Last update - Thursday, January 31, 2008, 00:00 By Metro Éireann

 In the next month or so, the Government, trade unions and employers will sit down to hammer out a new national pay deal. The talks will occur against a background of mounting uncertainty about the international economy. 

At home here in Ireland, the economy remains robust, with a strong performance by Irish exporters last year. Yet despite the strong underlying fundamentals of the Irish economy, a certain nervousness still pervades public commentary.

In particular, the sharp decline, over a relatively short period, of the domestic house building sector – with its follow-on price drops – has spooked people given the strong contribution construction has made in recent years to economic growth.

Ireland, as one of the most open economies in the world for its size, could not withstand the impact of a US recession. But if one does occur, thankfully recent economic downturns in the US have only lasted for periods of up to nine months.

The Irish and global economy are in a hiatus period pending a full playing-out of America’s economic difficulties, and how global stock markets respond to the continuing debate about how bad the world’s markets will be hit by the bad mortgage phenomenon which was first unleashed first in the States.

So uncertainty abroad and a nervousness about property prices will probably trim back expectations on all sides from the national partnership discussions. Pay restraint will be the order of the day. However, national pay deals and the partnership process have meant a lot more than mere pay deals in recent years.

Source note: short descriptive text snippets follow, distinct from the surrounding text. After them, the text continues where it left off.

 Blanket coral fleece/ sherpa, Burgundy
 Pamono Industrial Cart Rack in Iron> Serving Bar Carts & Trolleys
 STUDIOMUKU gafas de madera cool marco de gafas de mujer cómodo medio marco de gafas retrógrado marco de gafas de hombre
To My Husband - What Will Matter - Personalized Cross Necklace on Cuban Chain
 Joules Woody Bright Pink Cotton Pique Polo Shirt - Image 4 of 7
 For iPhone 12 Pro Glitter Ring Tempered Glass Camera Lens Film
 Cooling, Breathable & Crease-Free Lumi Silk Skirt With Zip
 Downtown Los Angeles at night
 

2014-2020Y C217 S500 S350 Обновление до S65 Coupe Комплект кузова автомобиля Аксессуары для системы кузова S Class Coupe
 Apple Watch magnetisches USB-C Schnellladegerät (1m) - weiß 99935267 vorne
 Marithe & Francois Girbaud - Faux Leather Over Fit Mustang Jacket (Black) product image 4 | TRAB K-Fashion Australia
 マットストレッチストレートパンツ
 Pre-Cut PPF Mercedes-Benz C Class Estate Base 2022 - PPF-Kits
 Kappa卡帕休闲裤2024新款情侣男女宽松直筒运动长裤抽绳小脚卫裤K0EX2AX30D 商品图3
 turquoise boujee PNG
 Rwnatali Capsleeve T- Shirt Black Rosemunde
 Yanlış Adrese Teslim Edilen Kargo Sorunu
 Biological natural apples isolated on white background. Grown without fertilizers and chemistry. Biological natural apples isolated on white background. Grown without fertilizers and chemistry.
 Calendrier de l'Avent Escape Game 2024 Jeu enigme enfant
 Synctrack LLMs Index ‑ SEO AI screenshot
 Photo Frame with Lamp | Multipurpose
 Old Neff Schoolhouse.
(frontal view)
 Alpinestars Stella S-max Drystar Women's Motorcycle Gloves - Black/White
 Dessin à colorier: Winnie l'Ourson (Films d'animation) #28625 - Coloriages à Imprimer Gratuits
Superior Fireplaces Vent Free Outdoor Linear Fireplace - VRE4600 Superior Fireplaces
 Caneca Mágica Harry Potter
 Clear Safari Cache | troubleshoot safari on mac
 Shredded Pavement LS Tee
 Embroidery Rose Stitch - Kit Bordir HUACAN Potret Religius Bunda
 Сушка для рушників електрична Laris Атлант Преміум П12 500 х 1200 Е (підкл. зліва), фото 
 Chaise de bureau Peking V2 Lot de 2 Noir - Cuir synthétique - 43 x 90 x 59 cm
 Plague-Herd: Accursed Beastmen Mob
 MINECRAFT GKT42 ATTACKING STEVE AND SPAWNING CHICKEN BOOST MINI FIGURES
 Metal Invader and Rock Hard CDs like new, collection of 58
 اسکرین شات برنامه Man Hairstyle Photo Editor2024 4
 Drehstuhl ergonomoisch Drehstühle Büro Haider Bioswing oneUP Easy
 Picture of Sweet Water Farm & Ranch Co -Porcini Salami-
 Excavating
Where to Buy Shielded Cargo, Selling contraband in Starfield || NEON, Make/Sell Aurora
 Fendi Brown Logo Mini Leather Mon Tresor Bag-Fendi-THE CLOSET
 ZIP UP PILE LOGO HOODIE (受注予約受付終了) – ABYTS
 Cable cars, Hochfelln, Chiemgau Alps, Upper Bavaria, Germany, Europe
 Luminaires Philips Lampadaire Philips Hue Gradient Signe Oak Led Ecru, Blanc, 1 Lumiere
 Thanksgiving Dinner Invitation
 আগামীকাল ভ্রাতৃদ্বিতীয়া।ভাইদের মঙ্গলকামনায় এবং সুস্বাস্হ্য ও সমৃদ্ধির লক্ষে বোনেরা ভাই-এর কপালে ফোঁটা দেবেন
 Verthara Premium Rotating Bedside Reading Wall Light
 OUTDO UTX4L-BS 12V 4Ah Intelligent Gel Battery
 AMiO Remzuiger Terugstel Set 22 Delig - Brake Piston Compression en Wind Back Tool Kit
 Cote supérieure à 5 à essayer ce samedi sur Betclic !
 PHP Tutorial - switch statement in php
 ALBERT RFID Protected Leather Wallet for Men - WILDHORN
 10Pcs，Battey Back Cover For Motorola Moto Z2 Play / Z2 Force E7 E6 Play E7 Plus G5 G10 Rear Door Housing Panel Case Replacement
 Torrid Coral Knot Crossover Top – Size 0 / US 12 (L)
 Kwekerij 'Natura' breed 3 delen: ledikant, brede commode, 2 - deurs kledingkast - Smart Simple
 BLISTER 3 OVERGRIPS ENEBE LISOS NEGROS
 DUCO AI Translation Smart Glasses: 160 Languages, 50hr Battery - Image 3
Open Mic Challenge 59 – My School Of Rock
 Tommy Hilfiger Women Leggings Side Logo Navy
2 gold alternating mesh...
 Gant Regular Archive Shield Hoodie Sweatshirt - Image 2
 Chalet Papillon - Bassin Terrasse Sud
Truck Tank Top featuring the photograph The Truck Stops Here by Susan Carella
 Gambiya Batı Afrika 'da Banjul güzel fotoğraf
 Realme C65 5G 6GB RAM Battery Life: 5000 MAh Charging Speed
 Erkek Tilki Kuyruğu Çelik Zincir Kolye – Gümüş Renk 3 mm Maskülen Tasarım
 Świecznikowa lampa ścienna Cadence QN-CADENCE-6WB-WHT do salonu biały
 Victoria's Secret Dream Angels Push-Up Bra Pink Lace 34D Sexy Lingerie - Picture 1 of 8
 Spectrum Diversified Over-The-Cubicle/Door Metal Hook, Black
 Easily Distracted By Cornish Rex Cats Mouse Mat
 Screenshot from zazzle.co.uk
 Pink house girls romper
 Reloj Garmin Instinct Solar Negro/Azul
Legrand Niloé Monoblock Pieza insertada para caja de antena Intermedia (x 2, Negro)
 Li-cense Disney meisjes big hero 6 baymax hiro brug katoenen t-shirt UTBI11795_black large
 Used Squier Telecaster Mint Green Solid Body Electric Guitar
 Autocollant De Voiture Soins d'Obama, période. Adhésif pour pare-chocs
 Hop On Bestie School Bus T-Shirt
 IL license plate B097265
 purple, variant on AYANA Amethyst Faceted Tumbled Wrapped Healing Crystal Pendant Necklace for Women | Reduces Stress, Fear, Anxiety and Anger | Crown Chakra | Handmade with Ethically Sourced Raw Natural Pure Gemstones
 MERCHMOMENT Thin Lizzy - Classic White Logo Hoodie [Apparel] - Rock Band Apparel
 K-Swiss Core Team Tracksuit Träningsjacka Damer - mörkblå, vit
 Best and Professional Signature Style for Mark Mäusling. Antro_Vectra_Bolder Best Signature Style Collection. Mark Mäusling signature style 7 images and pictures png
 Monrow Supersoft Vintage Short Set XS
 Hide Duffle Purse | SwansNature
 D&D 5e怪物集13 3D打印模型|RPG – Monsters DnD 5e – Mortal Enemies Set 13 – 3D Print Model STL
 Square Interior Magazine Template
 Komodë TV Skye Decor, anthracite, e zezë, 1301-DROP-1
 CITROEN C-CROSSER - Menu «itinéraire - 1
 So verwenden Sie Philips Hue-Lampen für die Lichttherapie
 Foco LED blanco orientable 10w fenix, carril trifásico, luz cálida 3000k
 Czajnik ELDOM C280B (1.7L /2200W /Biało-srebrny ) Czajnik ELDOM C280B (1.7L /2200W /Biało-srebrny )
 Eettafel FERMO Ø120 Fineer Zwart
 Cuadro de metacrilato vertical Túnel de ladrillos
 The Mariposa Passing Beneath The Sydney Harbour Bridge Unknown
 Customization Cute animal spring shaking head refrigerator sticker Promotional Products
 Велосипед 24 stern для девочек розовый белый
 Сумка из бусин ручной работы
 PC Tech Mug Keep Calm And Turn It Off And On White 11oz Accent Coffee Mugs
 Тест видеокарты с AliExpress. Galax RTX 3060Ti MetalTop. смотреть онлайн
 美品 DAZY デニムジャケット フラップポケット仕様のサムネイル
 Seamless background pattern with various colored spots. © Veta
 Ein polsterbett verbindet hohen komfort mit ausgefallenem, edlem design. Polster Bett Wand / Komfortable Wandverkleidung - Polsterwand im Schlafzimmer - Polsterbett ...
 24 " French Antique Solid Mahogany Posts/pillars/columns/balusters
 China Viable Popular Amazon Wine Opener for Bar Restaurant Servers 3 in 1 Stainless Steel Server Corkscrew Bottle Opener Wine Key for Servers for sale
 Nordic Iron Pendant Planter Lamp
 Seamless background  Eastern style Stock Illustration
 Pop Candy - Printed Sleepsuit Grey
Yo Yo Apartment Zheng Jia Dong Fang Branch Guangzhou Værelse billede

At the heart of the very successful Irish partnership process, since its inception by Charles Haughey in 1987, has been a wider concern for social issues that affect workers, and the reform of our tax and other systems, to ensure full equity of treatment for the entire workforce.

Workers rights and entitlements, as well as broader social rights, have been enhanced due to these talks and their constant renewal since 1987. Arguably it has been this wider concern with justice issues in society that has had the most impact in terms of the development of Irish life.

In the last programme there was an emphasis on issues caught up with the inward migration Ireland has experienced in recent years. Hopefully there will an even stronger emphasis on practical measures with regard to migration in the new deal, if and when it is struck.

Many of the fears around inward migration have grown from the perceived notion that labour coming from outside Ireland has been undermining wage rates and work practices. This is a real fear, given that migrant labour has in fact acted to moderate the excessive growth of wages in recent years, according to the ESRI, the government’s own research think tank.

In my view, however, migrant labour has been an enormous positive in terms of developing the Irish labour market and has not been, overall, to the detriment of work and conditions. This, though, should not make the social partners, including the Government, complacent when it comes to the protections of workers against exploitation by unscrupuolous employers who prey on migrants’ lack of knowledge about their entitlements.

The new partnership deal must look again at this area and tighten up on the controls and penalties handed down to employers who breach the basis norms of our social contract as it has emerged in recent years.

The exploitation of vulnerable migrant workers has the potential not only to damage the social fabric, but also to pitch indigenous workers against newcomers in a way that, as we have seen in other European countries, creates a long-term and rather poisonous atmosphere of racial tension.
 
During the past week I had the privilege to launch a new booklet produced by the Irish Congress of Trade Unions in several different languages on the basic entitlements that migrants and non-migrants can access. It is a good leaflet, and for a change quite readable as a guide to the complex maze that the social welfare entitlements scene sometimes presents both to policymakers and public alike.

The leaflet will be given out at all of the Ictu’s partnership centres around the country. It is good to see that bodies like the unions are now moving strongly in defence of migrants and taking into their hearts and minds the issues involved.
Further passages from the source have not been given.